In Sherrard v. Jefferson County Board of Education, 294 Ky. 469, 171 S.W.2d 963 (1942), our Court held the Jefferson County Board of Education could not provide private school pupils the same transportation rights as public school pupils without violating the prohibitions in the Kentucky Constitution (1) against using tax money “raised or collected for education other than in common schools until the question of taxation is submitted to the legal voters,” Sec. 184, and (2) against taxes being “levied and collected” for other than “public purposes,” Sec. 171.

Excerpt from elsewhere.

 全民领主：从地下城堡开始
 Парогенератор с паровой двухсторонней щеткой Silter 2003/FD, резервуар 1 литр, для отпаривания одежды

Thereafter the General Assembly enacted KRS 158.115 to permit counties, if they choose to do so, to establish an alternative source of funds for transportation for “all pupils,” public and nonpublic alike. KRS 158.115(1) provides “[e]ach county may furnish transportation from its general funds ... to supplement the present school bus transportation system for the aid and benefit of all pupils of elementary grade [and ‘any pupil of any grade’] attending school in compliance with the compulsory school attendance laws of the Commonwealth of Kentucky who do not reside within reasonable walking distance of the school they attend and where there are no sidewalks along the highway they are compelled to travel.”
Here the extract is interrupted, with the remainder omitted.